AcuPulse (previously called AcuPulse 30/40 ST); AcuPulse 40W G; AcuPulse DUO
K-Number: K180597 · 2018-04-03
Device Summary
Frequently Asked Questions
What is the AcuPulse (previously called AcuPulse 30/40 ST); AcuPulse 40W G; AcuPulse DUO?
AcuPulse (previously called AcuPulse 30/40 ST); AcuPulse 40W G; AcuPulse DUO is a medical device that received FDA 510(k) clearance on 2018-04-03. It is manufactured by Lumenis, Ltd.. The 510(k) number is K180597.
When was AcuPulse (previously called AcuPulse 30/40 ST); AcuPulse 40W G; AcuPulse DUO approved by the FDA?
AcuPulse (previously called AcuPulse 30/40 ST); AcuPulse 40W G; AcuPulse DUO received FDA 510(k) clearance on 2018-04-03, under approval number K180597.
What company makes AcuPulse (previously called AcuPulse 30/40 ST); AcuPulse 40W G; AcuPulse DUO?
AcuPulse (previously called AcuPulse 30/40 ST); AcuPulse 40W G; AcuPulse DUO is manufactured by Lumenis, Ltd..
What is the FDA product code for AcuPulse (previously called AcuPulse 30/40 ST); AcuPulse 40W G; AcuPulse DUO?

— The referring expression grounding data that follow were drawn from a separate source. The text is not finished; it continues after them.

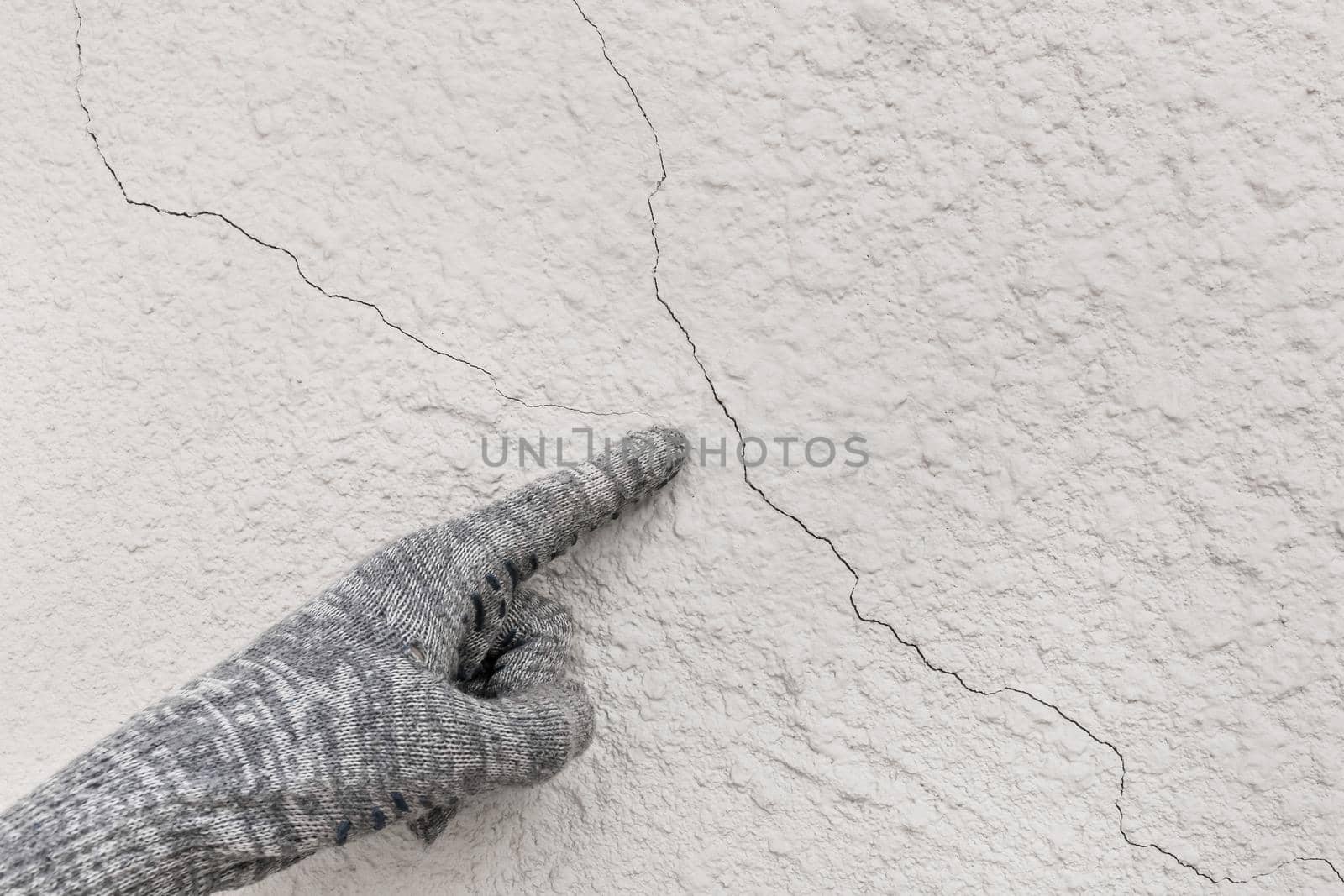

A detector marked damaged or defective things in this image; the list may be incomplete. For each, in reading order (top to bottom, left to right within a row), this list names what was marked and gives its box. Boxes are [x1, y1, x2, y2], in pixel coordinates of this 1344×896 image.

crack in wall [72, 1, 634, 422]
crack in wall [567, 2, 1344, 892] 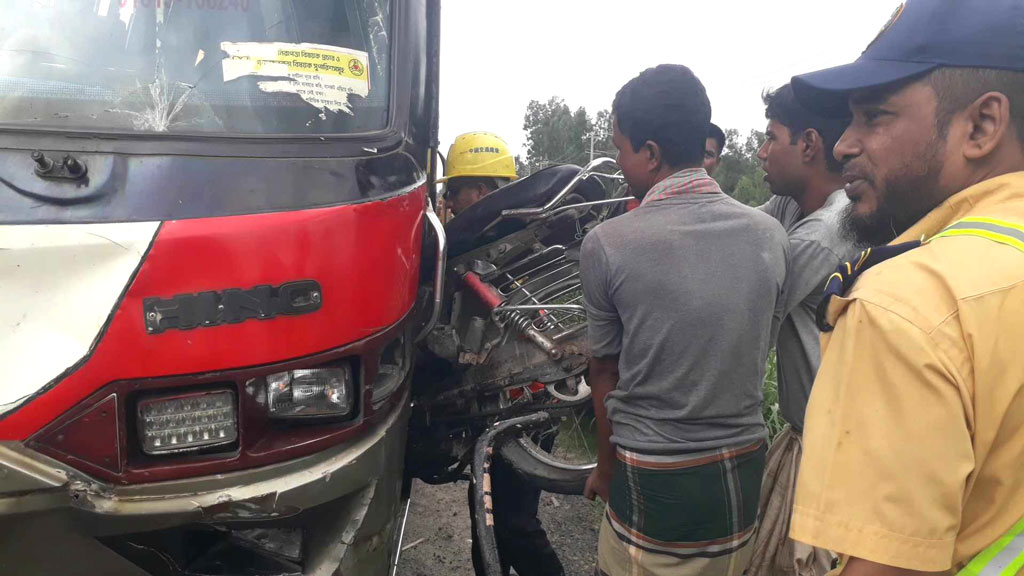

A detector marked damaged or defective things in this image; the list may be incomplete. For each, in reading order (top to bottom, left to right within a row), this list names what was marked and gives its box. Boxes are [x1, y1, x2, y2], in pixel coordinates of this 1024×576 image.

cracked windshield [0, 0, 388, 135]
crumpled motorcycle [406, 158, 628, 496] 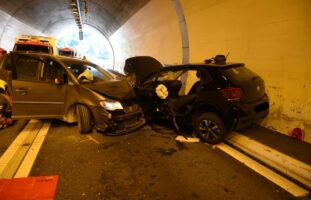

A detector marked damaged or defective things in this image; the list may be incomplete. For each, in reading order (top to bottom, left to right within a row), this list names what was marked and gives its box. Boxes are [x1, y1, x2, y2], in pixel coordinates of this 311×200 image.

damaged silver minivan [0, 52, 146, 135]
damaged black hatchback [0, 52, 146, 135]
broken car hood [84, 78, 135, 100]
broken car hood [123, 55, 163, 85]
damaged black hatchback [125, 55, 270, 143] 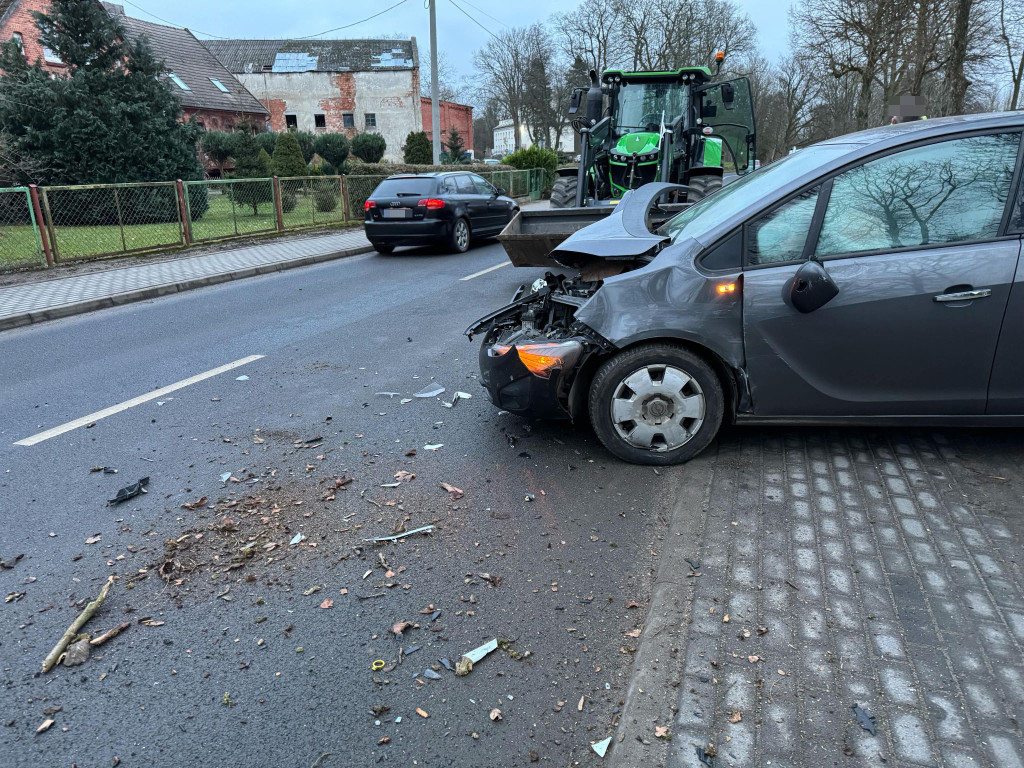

The FDA product code for AcuPulse (previously called AcuPulse 30/40 ST); AcuPulse 40W G; AcuPulse DUO is GEX. This falls under the Gastroenterology category.
Related Clinical Trials
Other Devices by Lumenis, Ltd.
Related Devices (Code: GEX)
Official Source
View on FDA Database →Data sourced from FDA Open API. For the most current and authoritative information, always refer to the official record.